Lena arbeitet in der Sicherheitsfirma ihrer Familie. Eines Tages stellt ihr Vater Martin ein- und sofort herrscht eine gewisse Antipathie zwischen ihnen. Dann gibt es da noch Maria, die ebenfalls neu in der Firma ist, aber die ein auffällig enges Verhältnis zu Lenas Vater plegt. Der Advent ist für die junge Frau daher nicht sonderlich besinnlich, sondern verwirrend und emotional. Und dann giobt es da noch den Weihnachtsmann. Wie soll er einen Wunsch erfüllen, wenn es keinen gibt? Doch dann bekommt er nicht nur einen Wunsch, sondern zwei geliefert- und das sehr kurz vor Weihnachten. Schafft der Weihnachtsmann es, das Fest der Liebe für gewisse Menschen zu retten durch den kleinen Hund Buddy, einen Havanesen?

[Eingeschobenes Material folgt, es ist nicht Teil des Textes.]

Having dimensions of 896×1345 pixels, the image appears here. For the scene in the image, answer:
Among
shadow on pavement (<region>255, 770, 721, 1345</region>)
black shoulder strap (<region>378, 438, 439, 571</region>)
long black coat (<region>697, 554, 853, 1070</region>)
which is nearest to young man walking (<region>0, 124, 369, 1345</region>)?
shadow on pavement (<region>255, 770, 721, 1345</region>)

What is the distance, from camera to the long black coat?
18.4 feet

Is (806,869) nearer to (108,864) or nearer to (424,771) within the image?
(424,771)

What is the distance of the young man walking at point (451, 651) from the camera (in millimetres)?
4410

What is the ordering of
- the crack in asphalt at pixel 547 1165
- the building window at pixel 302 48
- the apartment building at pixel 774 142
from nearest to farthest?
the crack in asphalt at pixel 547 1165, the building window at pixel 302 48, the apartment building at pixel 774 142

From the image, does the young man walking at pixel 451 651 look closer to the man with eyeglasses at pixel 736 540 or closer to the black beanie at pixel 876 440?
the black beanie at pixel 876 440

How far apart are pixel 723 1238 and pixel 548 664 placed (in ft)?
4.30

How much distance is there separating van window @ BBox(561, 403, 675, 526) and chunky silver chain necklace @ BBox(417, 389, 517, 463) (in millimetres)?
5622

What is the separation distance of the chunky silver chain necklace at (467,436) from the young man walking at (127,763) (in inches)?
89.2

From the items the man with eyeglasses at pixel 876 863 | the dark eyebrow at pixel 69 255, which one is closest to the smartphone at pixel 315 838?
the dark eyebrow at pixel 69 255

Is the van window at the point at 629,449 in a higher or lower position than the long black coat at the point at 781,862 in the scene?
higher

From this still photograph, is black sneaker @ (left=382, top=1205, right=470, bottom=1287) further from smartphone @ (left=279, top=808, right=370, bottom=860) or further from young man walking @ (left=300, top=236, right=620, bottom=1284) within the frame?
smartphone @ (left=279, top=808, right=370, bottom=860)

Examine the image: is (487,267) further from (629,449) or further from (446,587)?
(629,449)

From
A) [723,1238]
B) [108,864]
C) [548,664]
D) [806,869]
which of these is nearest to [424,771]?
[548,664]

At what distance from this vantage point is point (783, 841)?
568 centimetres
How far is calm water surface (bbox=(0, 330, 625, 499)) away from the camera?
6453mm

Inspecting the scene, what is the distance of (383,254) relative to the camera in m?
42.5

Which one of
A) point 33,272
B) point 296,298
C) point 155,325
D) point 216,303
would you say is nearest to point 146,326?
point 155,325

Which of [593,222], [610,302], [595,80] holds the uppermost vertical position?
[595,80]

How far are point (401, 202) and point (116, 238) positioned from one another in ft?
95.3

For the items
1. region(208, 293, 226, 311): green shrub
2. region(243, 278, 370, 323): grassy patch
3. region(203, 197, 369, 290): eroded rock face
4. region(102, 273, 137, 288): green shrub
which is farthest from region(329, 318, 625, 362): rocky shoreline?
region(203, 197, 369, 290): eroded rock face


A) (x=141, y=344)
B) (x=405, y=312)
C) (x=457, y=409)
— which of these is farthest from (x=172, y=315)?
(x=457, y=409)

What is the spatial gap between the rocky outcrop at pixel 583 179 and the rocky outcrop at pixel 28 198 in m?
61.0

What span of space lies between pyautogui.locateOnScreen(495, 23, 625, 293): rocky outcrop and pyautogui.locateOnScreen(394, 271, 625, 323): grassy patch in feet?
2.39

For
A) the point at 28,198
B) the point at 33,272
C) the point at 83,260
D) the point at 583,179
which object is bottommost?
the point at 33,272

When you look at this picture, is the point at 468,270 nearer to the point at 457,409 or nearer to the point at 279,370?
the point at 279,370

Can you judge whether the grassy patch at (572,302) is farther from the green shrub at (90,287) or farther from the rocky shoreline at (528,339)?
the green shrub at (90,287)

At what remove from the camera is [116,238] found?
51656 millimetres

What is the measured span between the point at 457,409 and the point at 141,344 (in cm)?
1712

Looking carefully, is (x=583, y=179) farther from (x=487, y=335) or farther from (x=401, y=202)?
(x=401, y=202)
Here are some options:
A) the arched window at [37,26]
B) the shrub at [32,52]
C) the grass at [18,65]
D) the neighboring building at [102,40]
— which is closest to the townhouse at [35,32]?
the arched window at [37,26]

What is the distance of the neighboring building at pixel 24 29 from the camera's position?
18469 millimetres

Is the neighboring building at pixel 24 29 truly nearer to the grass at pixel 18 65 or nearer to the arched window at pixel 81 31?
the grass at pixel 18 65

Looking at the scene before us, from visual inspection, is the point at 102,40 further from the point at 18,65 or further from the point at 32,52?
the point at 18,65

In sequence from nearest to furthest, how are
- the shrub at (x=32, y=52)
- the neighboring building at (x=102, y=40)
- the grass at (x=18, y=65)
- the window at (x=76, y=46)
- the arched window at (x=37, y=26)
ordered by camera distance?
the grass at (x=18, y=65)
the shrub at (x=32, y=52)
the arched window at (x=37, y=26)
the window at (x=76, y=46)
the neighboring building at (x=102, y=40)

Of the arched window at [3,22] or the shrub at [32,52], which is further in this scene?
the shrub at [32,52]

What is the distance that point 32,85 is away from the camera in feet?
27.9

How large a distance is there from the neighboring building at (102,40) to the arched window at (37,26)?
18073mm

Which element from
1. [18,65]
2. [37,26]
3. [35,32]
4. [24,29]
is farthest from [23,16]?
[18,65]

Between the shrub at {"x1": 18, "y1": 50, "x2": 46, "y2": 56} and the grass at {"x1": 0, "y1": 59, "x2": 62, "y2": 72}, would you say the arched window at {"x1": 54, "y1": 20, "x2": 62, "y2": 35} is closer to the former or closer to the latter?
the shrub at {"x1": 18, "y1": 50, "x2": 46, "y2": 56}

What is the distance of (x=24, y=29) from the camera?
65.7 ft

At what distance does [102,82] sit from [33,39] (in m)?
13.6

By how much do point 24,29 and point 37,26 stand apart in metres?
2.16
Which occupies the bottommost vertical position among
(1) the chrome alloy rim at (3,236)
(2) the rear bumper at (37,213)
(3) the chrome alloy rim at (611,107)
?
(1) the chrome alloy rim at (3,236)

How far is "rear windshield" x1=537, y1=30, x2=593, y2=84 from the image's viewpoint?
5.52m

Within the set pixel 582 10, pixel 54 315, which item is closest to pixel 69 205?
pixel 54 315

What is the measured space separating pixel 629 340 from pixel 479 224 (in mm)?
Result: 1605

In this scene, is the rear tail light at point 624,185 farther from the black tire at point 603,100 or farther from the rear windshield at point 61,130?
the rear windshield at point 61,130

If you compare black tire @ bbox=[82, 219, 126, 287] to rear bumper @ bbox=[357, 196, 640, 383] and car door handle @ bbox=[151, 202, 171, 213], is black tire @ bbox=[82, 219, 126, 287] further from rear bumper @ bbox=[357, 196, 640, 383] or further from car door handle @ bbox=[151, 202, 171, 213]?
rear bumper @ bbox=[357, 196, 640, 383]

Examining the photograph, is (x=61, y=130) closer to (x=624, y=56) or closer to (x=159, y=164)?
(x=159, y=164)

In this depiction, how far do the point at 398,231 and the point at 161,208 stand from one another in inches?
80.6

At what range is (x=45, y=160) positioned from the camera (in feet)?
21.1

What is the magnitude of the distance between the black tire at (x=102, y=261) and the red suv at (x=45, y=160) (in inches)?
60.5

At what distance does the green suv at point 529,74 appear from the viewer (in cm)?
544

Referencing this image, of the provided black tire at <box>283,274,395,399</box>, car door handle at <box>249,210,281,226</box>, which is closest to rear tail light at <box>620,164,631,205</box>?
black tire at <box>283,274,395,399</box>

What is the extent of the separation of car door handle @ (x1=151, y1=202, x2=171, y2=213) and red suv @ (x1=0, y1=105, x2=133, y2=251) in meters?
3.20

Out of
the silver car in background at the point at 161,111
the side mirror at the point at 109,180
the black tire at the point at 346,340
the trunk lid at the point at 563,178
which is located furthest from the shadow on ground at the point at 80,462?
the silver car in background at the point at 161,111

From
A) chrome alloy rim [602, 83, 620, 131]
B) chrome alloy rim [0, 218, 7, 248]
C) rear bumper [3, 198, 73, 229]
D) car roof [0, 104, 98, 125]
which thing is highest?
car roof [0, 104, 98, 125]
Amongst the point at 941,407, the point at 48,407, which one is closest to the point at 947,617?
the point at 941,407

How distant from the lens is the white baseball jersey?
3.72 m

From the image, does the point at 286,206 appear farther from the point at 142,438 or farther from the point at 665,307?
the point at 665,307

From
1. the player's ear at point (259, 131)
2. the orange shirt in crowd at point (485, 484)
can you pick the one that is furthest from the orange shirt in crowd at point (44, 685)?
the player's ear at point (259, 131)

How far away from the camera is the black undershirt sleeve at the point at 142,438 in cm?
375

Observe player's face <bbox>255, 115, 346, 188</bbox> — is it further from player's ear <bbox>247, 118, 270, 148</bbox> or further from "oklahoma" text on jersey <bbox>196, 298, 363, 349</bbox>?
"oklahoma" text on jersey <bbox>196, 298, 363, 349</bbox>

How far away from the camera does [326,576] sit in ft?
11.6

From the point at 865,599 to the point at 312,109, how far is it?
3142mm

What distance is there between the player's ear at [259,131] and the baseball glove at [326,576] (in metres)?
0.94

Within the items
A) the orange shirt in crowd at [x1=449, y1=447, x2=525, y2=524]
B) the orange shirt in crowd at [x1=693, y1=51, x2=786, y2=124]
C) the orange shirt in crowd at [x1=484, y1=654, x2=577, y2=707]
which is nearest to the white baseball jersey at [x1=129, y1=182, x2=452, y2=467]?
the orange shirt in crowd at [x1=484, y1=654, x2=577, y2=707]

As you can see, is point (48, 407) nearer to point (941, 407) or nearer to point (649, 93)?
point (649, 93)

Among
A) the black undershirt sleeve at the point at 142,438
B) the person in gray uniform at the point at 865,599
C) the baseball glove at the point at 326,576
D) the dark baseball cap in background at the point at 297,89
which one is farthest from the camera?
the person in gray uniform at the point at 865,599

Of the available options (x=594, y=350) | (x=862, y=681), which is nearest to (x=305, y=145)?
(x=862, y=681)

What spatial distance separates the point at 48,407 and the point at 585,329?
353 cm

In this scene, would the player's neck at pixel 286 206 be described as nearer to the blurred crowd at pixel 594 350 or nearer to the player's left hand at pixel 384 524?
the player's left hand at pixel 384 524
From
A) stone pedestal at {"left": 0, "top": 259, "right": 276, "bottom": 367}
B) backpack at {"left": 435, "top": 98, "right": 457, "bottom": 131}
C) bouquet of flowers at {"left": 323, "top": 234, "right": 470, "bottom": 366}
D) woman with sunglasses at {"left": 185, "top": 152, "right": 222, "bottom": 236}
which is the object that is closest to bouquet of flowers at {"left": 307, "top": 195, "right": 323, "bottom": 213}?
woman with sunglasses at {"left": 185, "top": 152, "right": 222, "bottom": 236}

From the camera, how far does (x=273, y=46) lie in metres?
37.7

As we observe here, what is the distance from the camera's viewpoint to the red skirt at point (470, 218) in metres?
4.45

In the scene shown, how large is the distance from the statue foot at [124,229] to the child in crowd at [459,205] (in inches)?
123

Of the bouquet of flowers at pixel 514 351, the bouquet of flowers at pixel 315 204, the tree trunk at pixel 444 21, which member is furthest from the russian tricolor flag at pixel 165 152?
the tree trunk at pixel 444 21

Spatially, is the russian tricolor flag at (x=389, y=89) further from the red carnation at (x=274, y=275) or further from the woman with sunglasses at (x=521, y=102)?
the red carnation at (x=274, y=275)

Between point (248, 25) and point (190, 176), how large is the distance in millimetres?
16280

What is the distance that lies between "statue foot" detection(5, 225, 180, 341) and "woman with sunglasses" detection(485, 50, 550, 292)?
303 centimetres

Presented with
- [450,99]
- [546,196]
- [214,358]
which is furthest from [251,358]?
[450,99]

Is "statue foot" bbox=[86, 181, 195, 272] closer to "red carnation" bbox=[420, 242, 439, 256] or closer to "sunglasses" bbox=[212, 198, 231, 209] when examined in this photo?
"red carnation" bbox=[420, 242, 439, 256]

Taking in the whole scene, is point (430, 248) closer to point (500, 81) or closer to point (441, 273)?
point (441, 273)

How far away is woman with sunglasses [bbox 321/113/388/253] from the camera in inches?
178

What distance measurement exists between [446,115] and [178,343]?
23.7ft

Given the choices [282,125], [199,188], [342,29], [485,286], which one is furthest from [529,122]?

Was soll ich sagen? Petra Schier schafft es, solide Liebesromane zu schreiben, ihre Weihnachtsbücher gehören zu meiner Leseroutine in jedem Jahr dazu. Ihr Schreibstil ist gewohnt gut verständlich, einfühlsam und sie wählt genau die richtigen Worte für diese niedliche, berührende Liebesgeschichte. Ich bin zwar der absolute Katzenmensch, aber ich mag Hunde auch sehr und Buddy ist einfach zauberhaft.

Ein solider Liebesroman voller Gefühl, weihnachtlicher Stimmung und tierischem Vergnügen.